GIVEN RECORDS
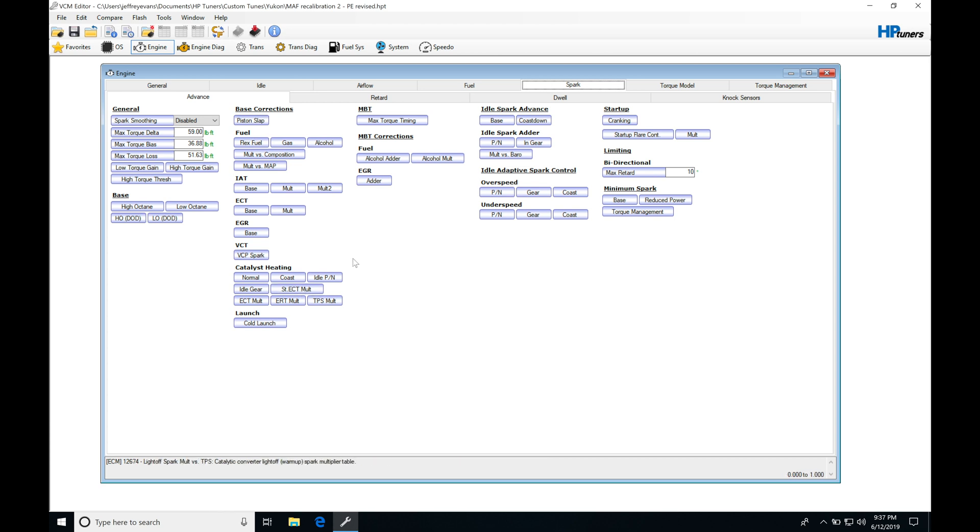These tables are going to be accounting for conditions that these base tables are not, such as our engine coolant temperature or the air temp or the air density that's going on outside, or if we have to worry about the engine warming up. It's not going to be able to account for that in our base table.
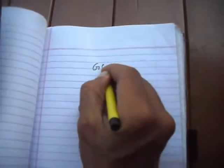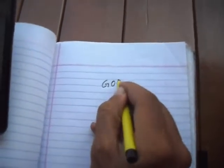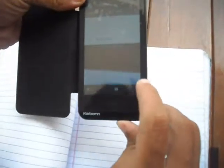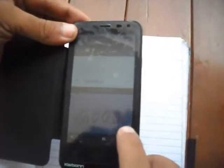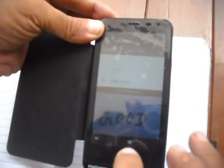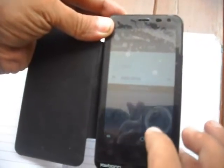I am writing the word 'good' — G-O-O-D. I am taking an image of it using the mobile camera. You can see on the mobile screen that I am scanning it.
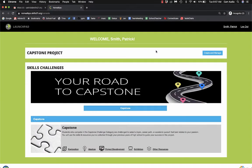Hi, welcome to Capstone Skills21 Launchpad. This tutorial is how to add a teacher as a viewer or reviewer.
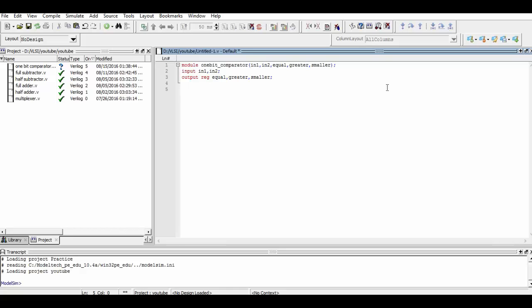Now we define the sensitivity list as input1 and input2, so that whenever an event happens on input1 or input2, our code runs.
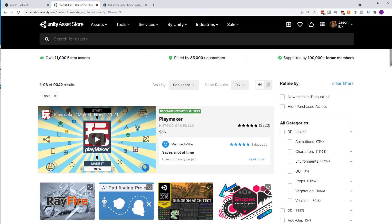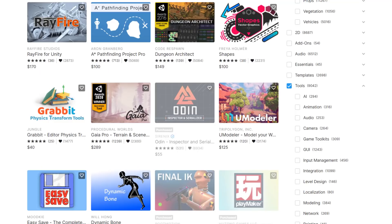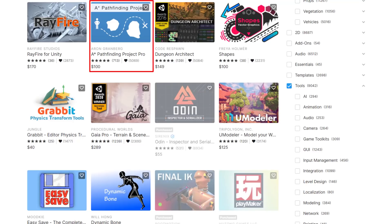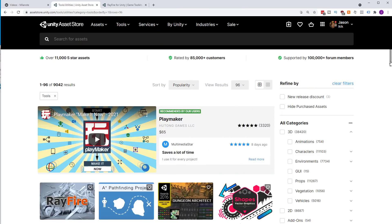Speaking of VR, thinking back to Blade Shield that Michael built — he used one of the slicing assets that let us slice robots in half really cool, which was another big speed improvement. If you look at the top assets on the Unity asset store under the tools section sorted by popularity, you'll find extremely useful assets: things like Rayfire, A-Star Pathfinding Pro — which was the best pathfinding system until very recently — Dungeon Architect for building out giant dungeons automatically and having them look cool, and the Shapes asset for generating cool vector shapes.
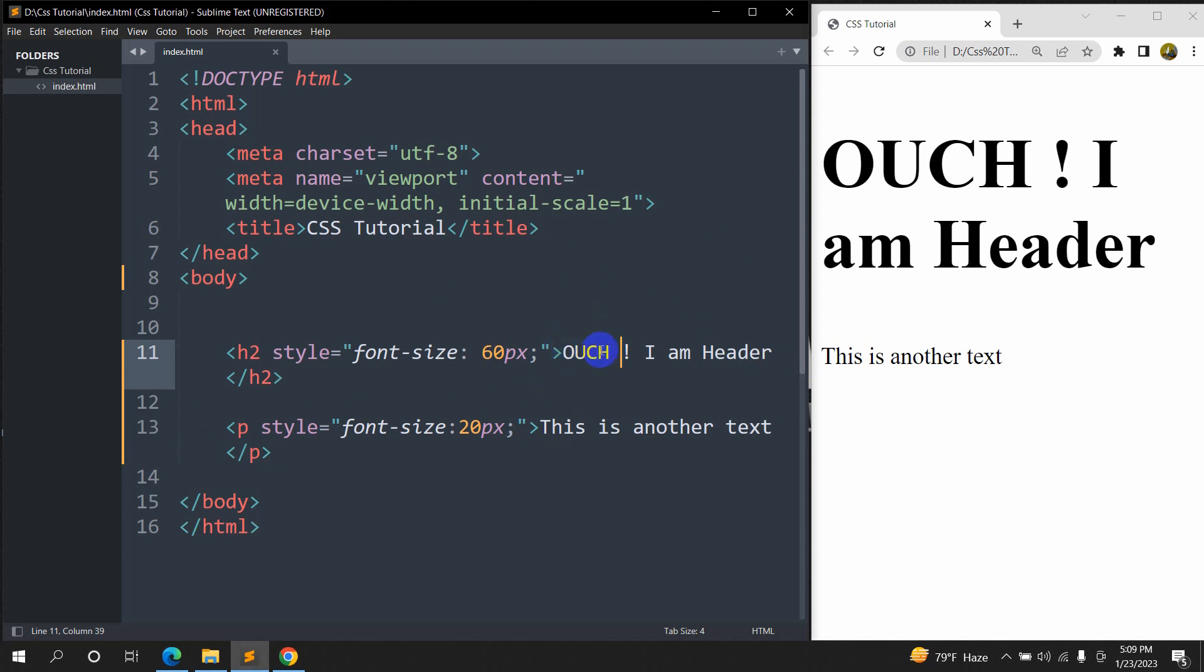So this is how we can change the font size for text in HTML using CSS. So thank you very much for watching. Make sure to subscribe this channel and I will see you in the next tutorial.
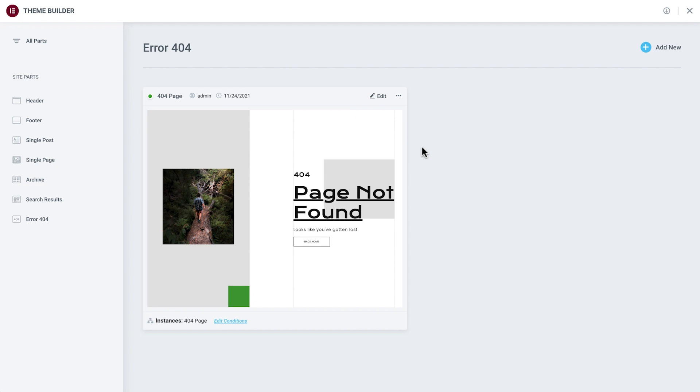Hey there! It's Aviva from Elementor. Welcome back to How to Build a Blog in Elementor.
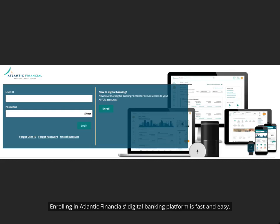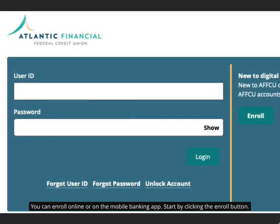Enrolling in Atlantic Financial's digital banking platform is fast and easy. You can enroll online or on the mobile banking app. Start by clicking the enroll button.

REQUIRED WORK
A word-for-word copy is needed of the lines from the line holding "So this is how" through the end of the records, both included, excluding every picture.

THE ANSWER
So this is how we can change the font size for text in HTML using CSS. So thank you very much for watching. Make sure to subscribe this channel and I will see you in the next tutorial.
Hey there! It's Aviva from Elementor. Welcome back to How to Build a Blog in Elementor.
Enrolling in Atlantic Financial's digital banking platform is fast and easy. You can enroll online or on the mobile banking app. Start by clicking the enroll button.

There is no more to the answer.